David C. Robson, Principal, Robson Advisors07.26.18
Introducing a product involves myriad best guesses and estimations. There is often no way to adequately know everything in advance of release. A design team can conduct research and user evaluations and follow best practices to anticipate user needs, features, manufacturing plans, business cases, and regulatory concerns. But those results are always imperfect and, after time in the market, often reveal a somewhat “misbalanced” solution.
Most entrepreneurs prefer to leave the new product configuration alone so the company can begin to recoup its investment. After all, years of effort have been invested with hundreds of thousands or millions of dollars. Investors are eager to see returns, and development fatigue can pervade the organization. However, it is better to immediately start design refinement once real-field experiences and reports arrive and a company senses business success.
Once a product has been introduced and gains a following, the company starts collecting feedback and finding items that didn’t work as intended. This may bring the decision to develop and release a revision largely similar to the original, with a series of improvements and enhancements. Generally, these aren’t intended to change the clinical treatment or indications for use. This “second-generation” design solution allows the company to rebalance the product’s configuration, enabling it to be more successful.
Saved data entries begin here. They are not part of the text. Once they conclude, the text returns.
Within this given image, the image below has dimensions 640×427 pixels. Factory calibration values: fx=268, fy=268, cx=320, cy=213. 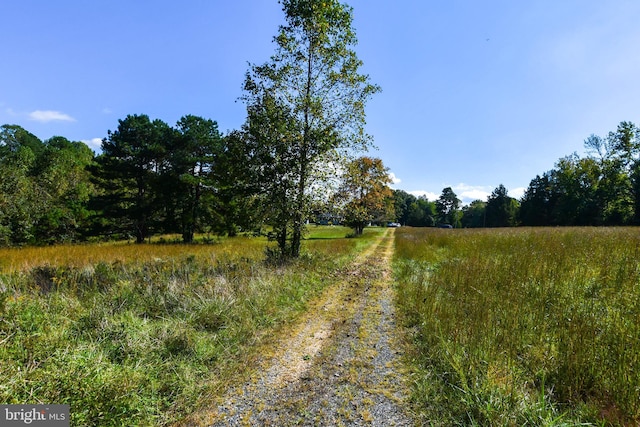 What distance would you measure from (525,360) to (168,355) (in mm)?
4655

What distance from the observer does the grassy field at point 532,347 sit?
2506mm

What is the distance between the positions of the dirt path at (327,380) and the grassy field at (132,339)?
41cm

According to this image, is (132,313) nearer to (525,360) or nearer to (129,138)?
(525,360)

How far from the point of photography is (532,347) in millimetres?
3506

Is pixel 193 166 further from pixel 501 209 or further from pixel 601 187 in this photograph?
pixel 501 209

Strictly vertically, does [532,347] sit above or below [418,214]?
below

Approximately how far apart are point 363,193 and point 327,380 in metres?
29.3

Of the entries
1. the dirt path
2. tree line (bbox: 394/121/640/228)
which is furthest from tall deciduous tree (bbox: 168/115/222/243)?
tree line (bbox: 394/121/640/228)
A second-generation development effort can elicit big benefits, solidify a company’s future, keep competitors at bay, and improve “design balance.” First-generation devices should “prove clinical and market potential.” The second generation focuses on “scaled production and profit generation.” These priorities aren’t the same and generally can’t be combined in one design solution.
There are two ways to examine and justify second-generation development: things to fix from a compromise-laden and often resource-constrained first-generation solution and things to overtly improve in the second-generation configuration. These are effectively two sides of the same coin, but the topic is better considered by distinguishing between them.
Product design should always focus on striking the “best” balance between competing and conflicting priorities and objectives. But when a company introduces a new-to-market product, there are pressures limiting the ability to embody the ideally balanced solution:
Funding constraints and other existential threats. If a company runs out of money before release, the product and perhaps the company cease to exist. For startup companies especially, the best balance for a first-generation solution is “get to revenue!” Everything else can wait. Once revenue is produced, a company should ideally be able to fund the second-generation solution, which is better for long-term success.
Unclear and unknown user needs and patterns. Even with disciplined field observation and user evaluation, it isn’t easy to anticipate how users will interact with a product or potential secondary and tertiary procedural adaptations to a new device. A device succeeding in its primary function may benefit from adjustments allowing further savings of procedure time or perhaps information being collected. For instance, a battery-powered instrument may enable remote treatment instead of a hospital visit.
Unneeded clinical and functional features. Some features may be unnecessary or unwanted. This should not be disheartening, especially when considering how much the product got right—often the vast majority.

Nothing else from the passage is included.